┌─ Provided material
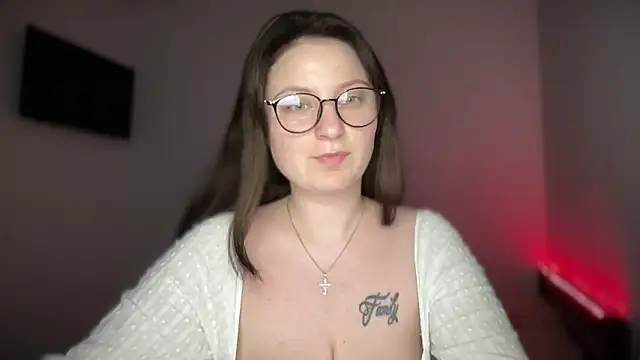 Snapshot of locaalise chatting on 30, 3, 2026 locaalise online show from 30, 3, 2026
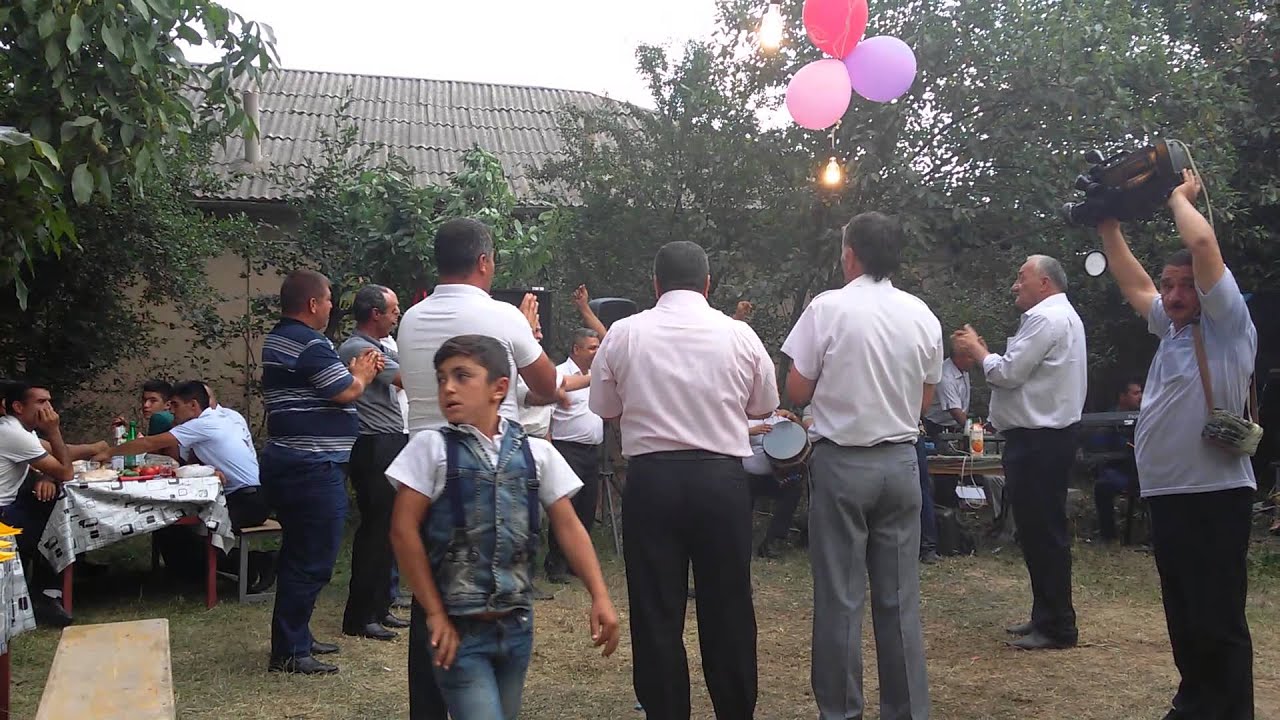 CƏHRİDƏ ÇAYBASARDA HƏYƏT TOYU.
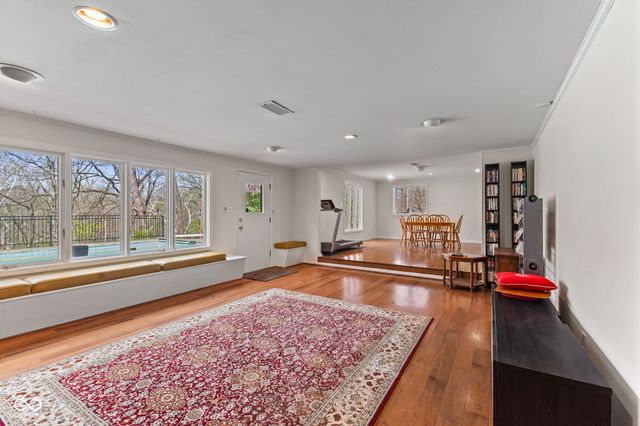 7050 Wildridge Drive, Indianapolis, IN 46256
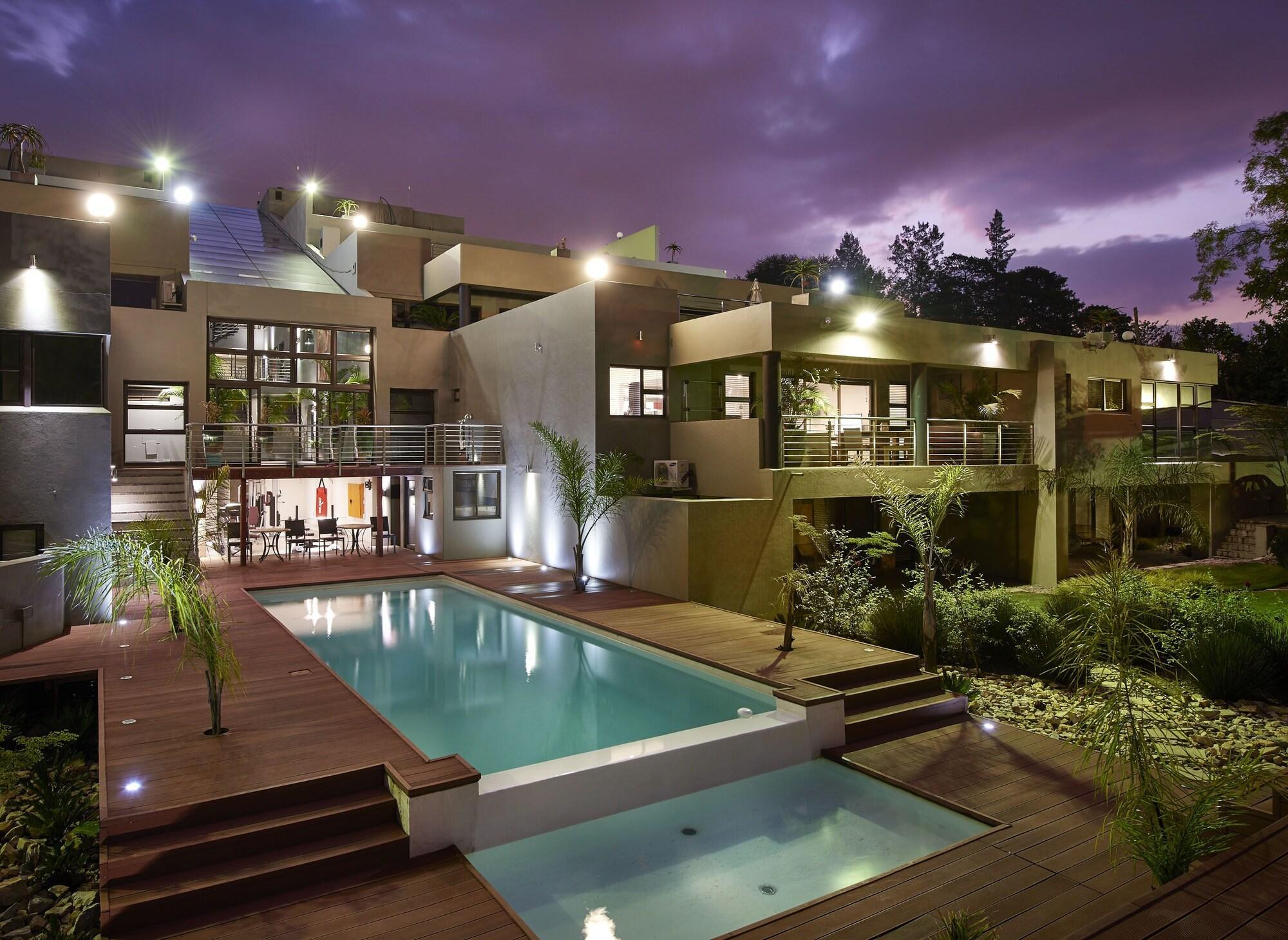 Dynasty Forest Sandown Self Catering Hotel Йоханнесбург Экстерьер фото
└─
┌─ Provided material
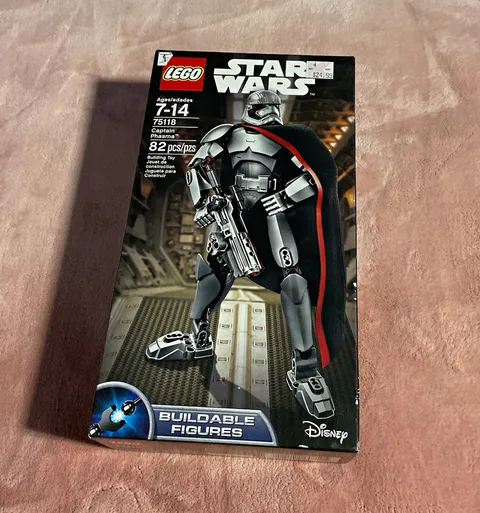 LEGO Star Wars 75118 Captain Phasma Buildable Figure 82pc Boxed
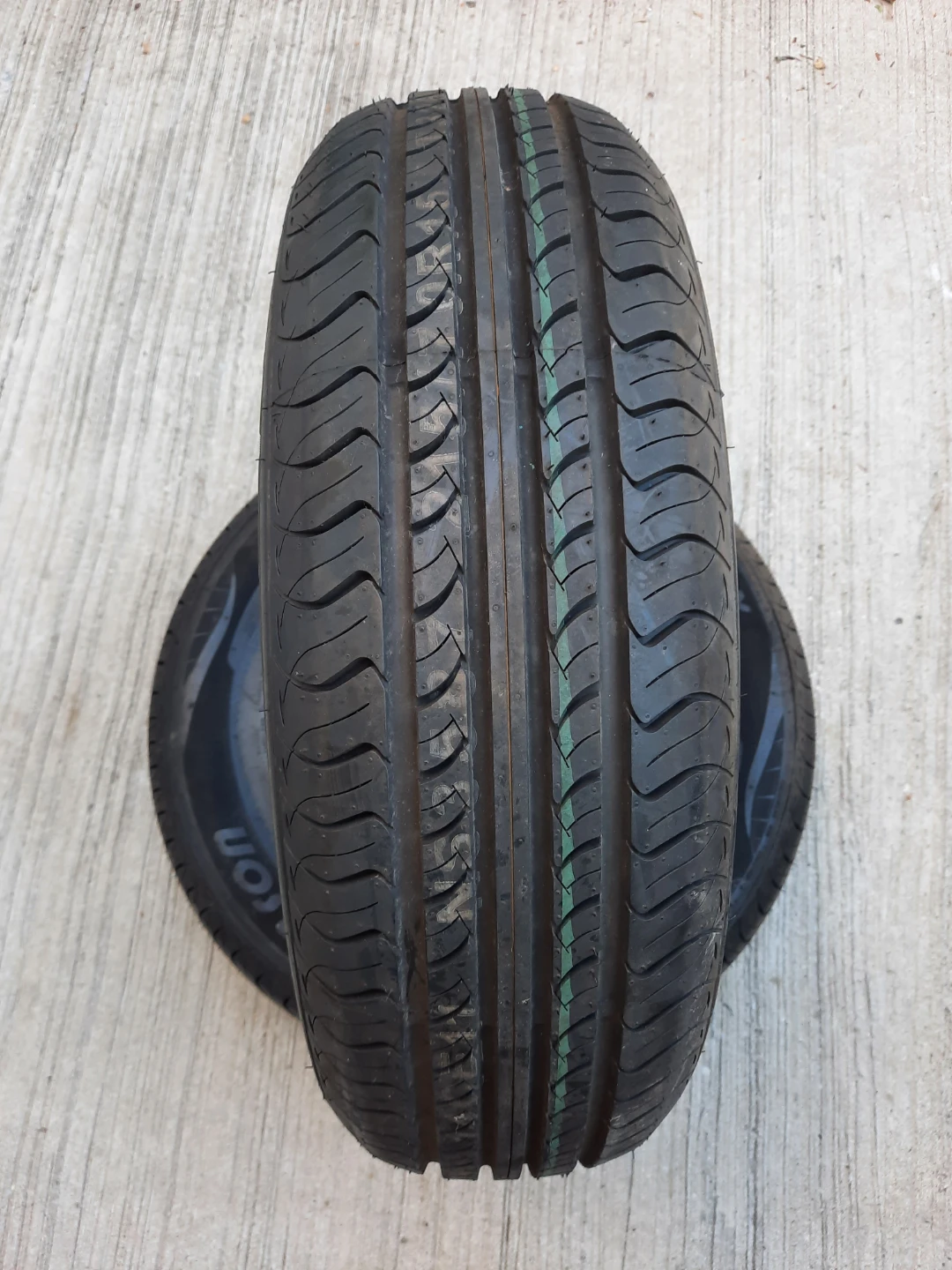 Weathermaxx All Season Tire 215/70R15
└─
┌─ Provided material
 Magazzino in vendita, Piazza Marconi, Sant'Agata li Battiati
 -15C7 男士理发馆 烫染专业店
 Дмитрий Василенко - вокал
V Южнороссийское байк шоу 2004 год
└─
## Exercise requirements
Set down only the lines above that fall between the line holding "-15C7 男士理发馆 烫染专业店" and the line holding "V Южнороссийское байк шоу 2004 год", inclusive, keeping each exact.

## Answer box
 -15C7 男士理发馆 烫染专业店
 Дмитрий Василенко - вокал
V Южнороссийское байк шоу 2004 год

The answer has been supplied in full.